__Exercise requirements__
Copy out the data below from the line containing "Snake, the solid-eyes" to the line containing "Thank you so", both lines included, with all images left out.

[[ Materials provided open ]]

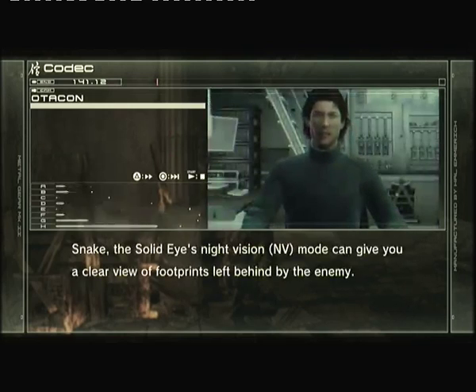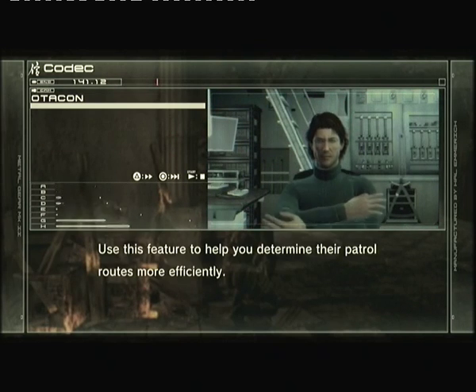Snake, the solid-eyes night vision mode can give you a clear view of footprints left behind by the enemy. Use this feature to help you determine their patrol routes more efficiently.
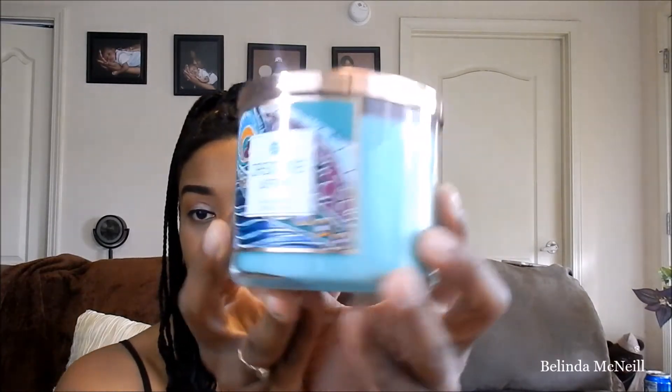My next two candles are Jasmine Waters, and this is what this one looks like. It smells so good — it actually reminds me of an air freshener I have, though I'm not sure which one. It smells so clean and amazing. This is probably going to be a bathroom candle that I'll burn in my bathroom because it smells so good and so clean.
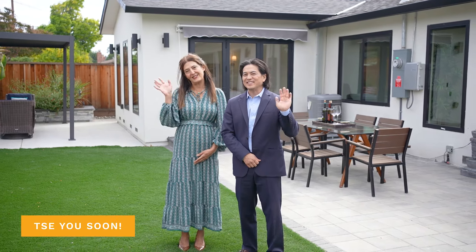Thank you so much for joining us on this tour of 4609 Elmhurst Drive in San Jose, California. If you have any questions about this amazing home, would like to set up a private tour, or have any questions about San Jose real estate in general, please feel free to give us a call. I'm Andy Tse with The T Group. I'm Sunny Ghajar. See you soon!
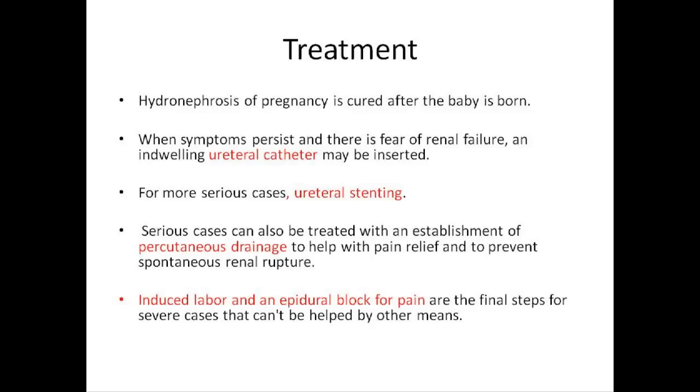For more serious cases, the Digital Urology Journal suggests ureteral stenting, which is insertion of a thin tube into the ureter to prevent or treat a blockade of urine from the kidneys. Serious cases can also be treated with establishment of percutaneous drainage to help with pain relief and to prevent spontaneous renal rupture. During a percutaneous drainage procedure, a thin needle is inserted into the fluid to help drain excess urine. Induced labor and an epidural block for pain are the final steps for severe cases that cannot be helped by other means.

[[ Materials provided closed ]]
[[ Materials provided open ]]

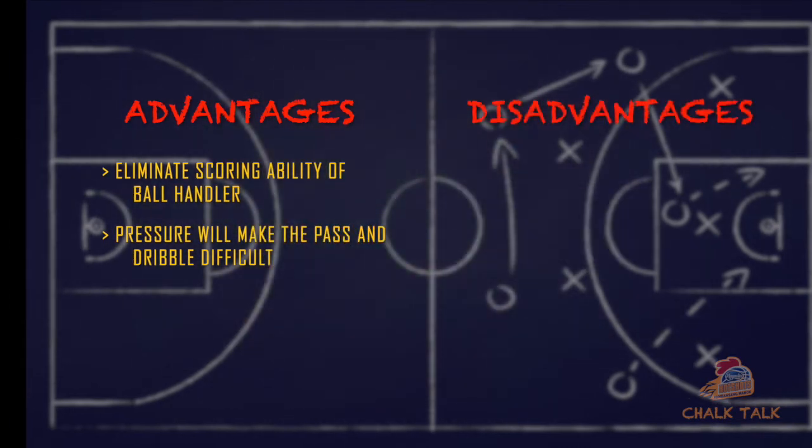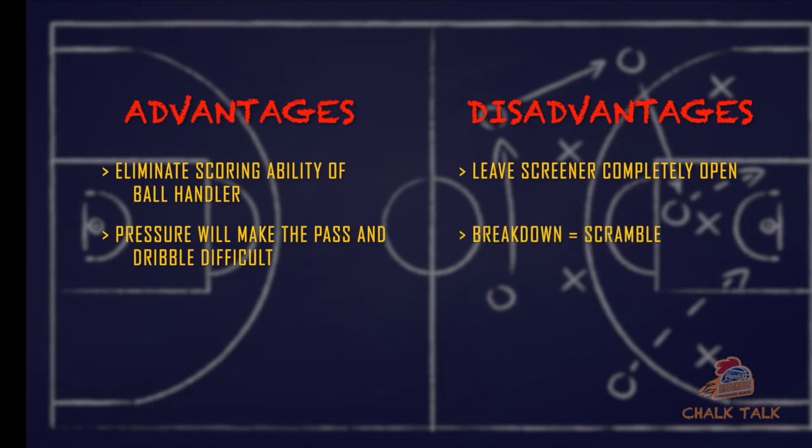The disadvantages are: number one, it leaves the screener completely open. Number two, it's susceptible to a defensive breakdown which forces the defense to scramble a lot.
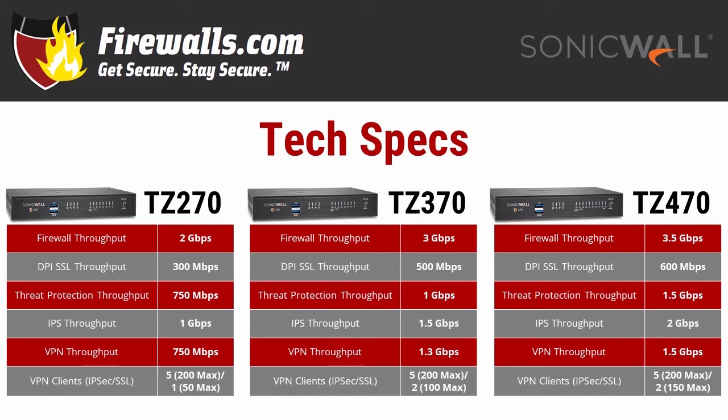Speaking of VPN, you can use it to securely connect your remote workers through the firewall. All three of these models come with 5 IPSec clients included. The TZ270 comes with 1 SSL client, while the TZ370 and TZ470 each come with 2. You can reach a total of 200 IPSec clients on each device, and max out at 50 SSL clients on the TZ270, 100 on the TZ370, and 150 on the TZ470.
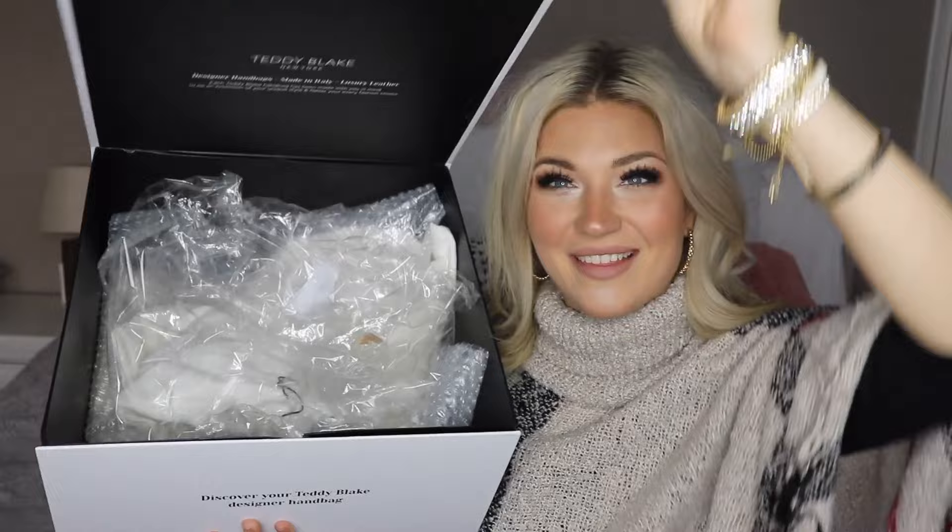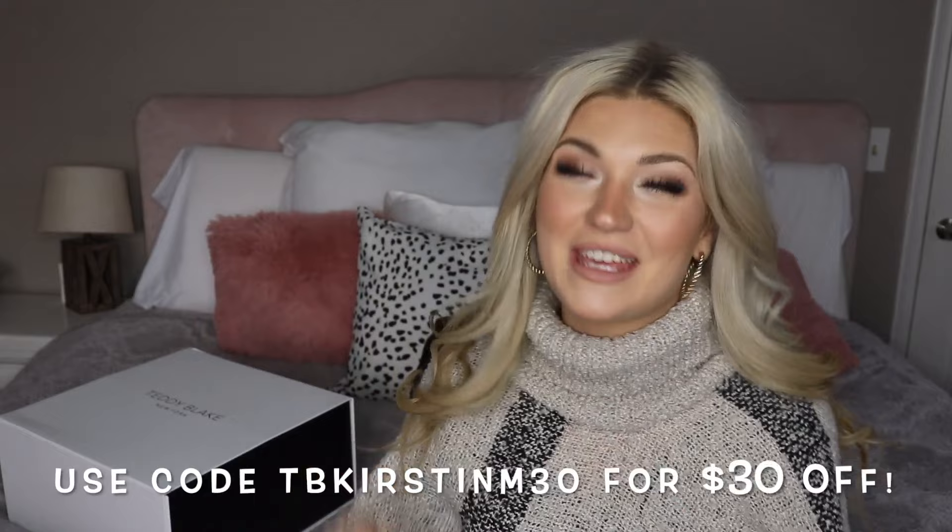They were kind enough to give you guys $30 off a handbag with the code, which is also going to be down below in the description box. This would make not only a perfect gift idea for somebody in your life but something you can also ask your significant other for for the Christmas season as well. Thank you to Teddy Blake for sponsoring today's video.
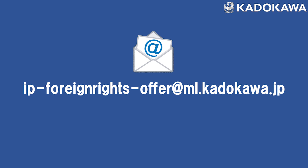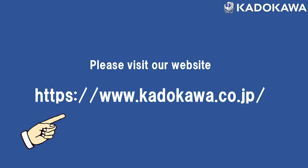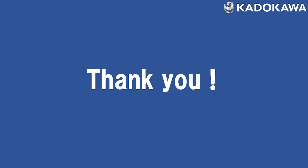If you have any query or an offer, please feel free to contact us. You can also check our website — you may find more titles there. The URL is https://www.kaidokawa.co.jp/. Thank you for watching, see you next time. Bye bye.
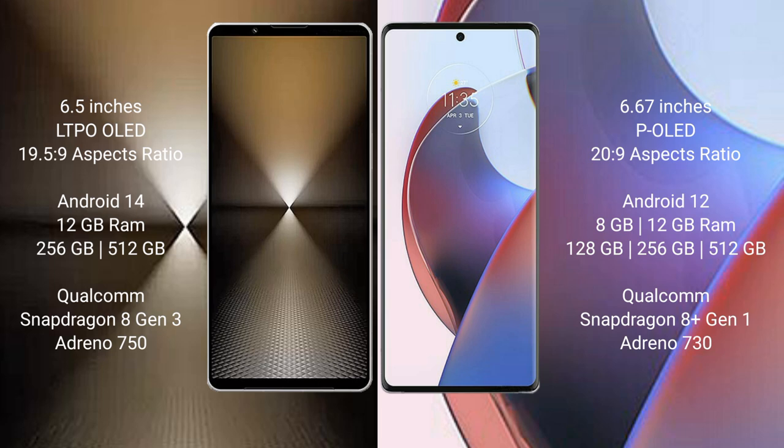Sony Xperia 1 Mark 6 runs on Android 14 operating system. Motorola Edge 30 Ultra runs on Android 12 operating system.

[[ Materials provided closed ]]
[[ Materials provided open ]]

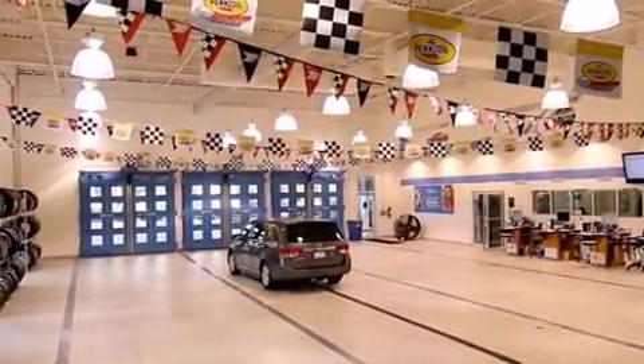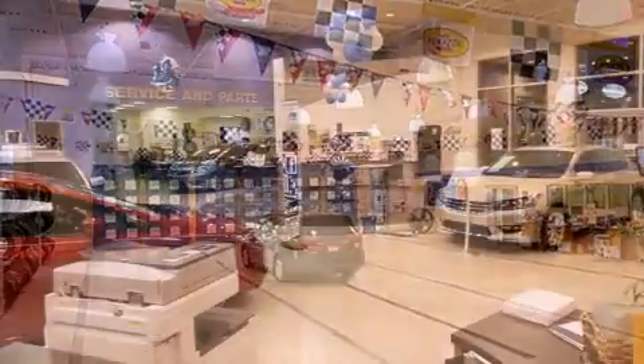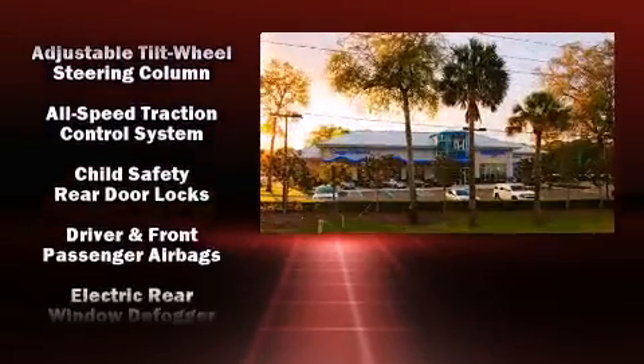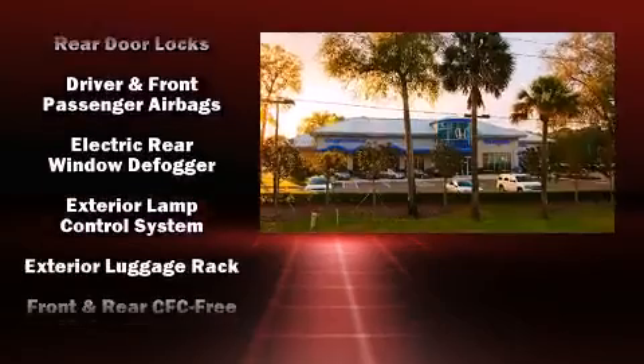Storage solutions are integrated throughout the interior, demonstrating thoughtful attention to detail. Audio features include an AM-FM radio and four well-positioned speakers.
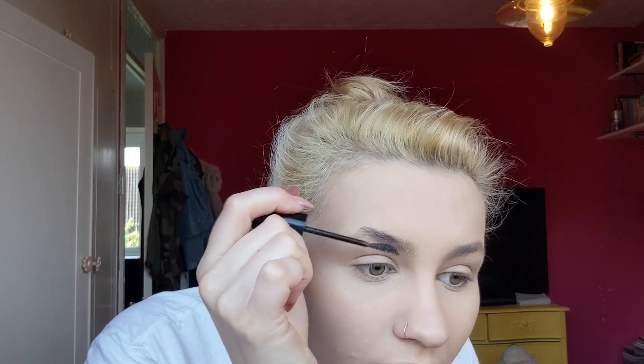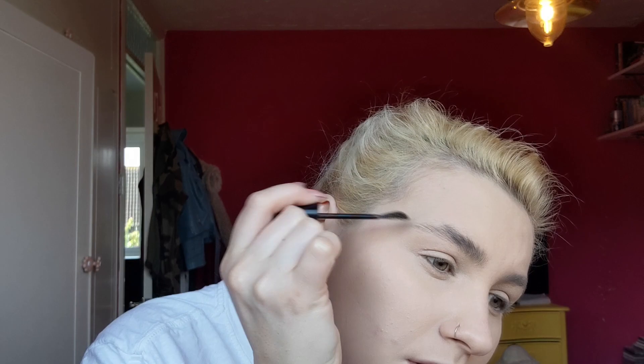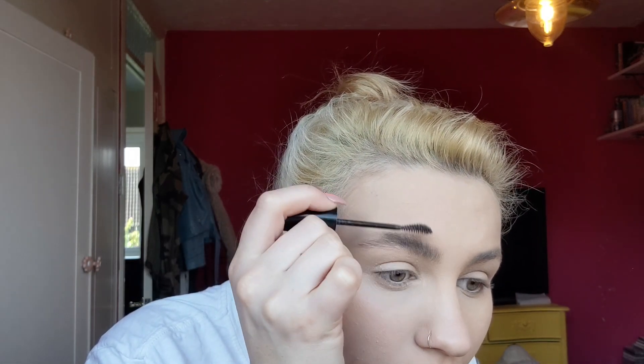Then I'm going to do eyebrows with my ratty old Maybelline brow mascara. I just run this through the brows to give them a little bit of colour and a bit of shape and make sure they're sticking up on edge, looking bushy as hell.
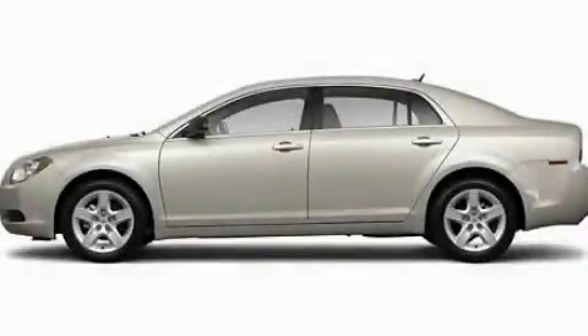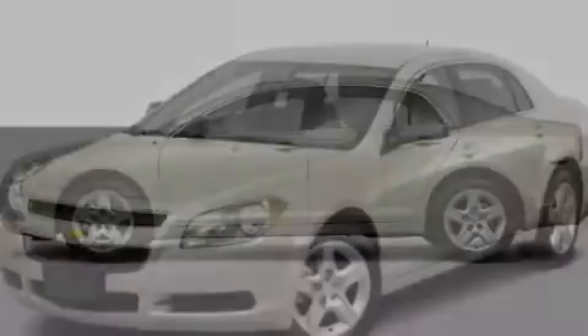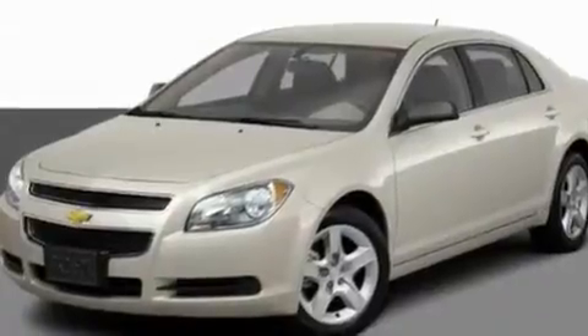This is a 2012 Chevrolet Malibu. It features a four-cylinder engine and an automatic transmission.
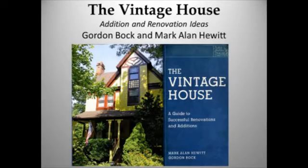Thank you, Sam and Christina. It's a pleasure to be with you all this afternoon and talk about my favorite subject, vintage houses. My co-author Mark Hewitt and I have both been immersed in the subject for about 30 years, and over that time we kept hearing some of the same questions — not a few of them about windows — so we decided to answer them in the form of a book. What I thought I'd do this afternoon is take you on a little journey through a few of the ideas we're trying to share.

[[ Materials provided closed ]]

__Result of this task__
Snake, the solid-eyes night vision mode can give you a clear view of footprints left behind by the enemy. Use this feature to help you determine their patrol routes more efficiently.
My next two candles are Jasmine Waters, and this is what this one looks like. It smells so good — it actually reminds me of an air freshener I have, though I'm not sure which one. It smells so clean and amazing. This is probably going to be a bathroom candle that I'll burn in my bathroom because it smells so good and so clean.
Thank you so much for joining us on this tour of 4609 Elmhurst Drive in San Jose, California. If you have any questions about this amazing home, would like to set up a private tour, or have any questions about San Jose real estate in general, please feel free to give us a call. I'm Andy Tse with The T Group. I'm Sunny Ghajar. See you soon!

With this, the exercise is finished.